• **DATA FOR THE TASK**:
━━━
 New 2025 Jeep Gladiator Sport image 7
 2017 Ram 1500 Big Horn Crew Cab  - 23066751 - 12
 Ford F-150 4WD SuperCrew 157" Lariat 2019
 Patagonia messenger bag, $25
━━━
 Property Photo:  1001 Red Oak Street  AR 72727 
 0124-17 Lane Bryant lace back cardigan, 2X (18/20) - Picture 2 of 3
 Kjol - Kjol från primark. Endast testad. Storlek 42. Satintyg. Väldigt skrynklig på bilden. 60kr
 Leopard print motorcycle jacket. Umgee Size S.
━━━
• **DIRECTIONS FOR THIS TASK**: Only one stretch of the entries above is wanted: the lines from the one containing "0124-17 Lane Bryant" through the one containing "Leopard print motorcycle". Please reproduce it exactly.

• **EXERCISE OUTPUT**:
 0124-17 Lane Bryant lace back cardigan, 2X (18/20) - Picture 2 of 3
 Kjol - Kjol från primark. Endast testad. Storlek 42. Satintyg. Väldigt skrynklig på bilden. 60kr
 Leopard print motorcycle jacket. Umgee Size S.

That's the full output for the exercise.